:: Your task ::
In the entries below, which lines run from the one containing "Grupo de trabalho" to the one containing "街拍气质高雅的小姐姐,一件吊带背心配开叉裤,时尚女神魅力范"? Copy exactly those lines, ends included, and no others.

:: Given entries ::

╔══

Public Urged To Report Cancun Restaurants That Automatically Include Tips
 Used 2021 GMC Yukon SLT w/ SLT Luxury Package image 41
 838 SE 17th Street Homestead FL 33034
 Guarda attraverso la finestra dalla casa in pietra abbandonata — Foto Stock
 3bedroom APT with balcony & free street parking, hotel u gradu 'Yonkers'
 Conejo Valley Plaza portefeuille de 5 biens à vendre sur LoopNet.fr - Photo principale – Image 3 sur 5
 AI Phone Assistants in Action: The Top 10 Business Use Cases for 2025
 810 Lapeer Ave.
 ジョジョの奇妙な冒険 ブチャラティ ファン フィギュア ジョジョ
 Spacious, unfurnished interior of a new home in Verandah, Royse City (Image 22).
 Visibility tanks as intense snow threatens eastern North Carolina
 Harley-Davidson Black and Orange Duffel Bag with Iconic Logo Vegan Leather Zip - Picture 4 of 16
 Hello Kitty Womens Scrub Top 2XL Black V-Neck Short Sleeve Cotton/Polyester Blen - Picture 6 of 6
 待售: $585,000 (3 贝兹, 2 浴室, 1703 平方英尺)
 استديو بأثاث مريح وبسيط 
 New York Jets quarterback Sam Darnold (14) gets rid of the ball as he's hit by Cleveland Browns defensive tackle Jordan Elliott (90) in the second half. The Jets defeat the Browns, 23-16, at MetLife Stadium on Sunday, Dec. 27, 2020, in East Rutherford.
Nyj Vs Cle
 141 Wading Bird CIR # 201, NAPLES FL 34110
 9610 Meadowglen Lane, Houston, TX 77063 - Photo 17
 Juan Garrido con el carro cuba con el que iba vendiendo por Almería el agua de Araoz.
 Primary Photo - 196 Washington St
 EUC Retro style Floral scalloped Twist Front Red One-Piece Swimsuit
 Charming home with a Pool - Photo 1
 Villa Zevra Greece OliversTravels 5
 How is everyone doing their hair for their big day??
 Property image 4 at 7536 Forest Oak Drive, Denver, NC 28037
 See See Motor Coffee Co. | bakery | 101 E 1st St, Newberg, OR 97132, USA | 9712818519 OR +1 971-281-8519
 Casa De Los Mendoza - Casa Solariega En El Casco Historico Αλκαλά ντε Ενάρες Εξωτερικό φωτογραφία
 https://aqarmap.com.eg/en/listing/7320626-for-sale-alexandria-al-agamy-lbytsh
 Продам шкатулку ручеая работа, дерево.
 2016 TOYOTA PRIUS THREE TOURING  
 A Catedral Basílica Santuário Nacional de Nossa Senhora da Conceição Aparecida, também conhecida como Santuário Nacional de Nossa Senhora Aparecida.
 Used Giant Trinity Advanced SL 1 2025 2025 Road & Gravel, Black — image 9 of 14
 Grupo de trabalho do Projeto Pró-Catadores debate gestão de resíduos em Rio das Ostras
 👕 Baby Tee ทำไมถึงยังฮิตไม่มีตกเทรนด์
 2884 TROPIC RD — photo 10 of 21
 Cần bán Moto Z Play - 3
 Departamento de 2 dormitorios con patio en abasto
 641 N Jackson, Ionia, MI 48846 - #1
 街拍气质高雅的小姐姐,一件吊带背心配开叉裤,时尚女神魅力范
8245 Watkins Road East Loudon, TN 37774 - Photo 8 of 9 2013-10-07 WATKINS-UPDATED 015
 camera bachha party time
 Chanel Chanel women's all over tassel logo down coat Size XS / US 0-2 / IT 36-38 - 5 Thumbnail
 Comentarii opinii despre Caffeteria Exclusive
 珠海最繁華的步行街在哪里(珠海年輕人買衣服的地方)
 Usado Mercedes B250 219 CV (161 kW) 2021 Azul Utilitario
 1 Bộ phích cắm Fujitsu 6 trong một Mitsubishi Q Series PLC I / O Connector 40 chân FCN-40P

╚══

:: Answer for the task ::
 Grupo de trabalho do Projeto Pró-Catadores debate gestão de resíduos em Rio das Ostras
 👕 Baby Tee ทำไมถึงยังฮิตไม่มีตกเทรนด์
 2884 TROPIC RD — photo 10 of 21
 Cần bán Moto Z Play - 3
 Departamento de 2 dormitorios con patio en abasto
 641 N Jackson, Ionia, MI 48846 - #1
 街拍气质高雅的小姐姐,一件吊带背心配开叉裤,时尚女神魅力范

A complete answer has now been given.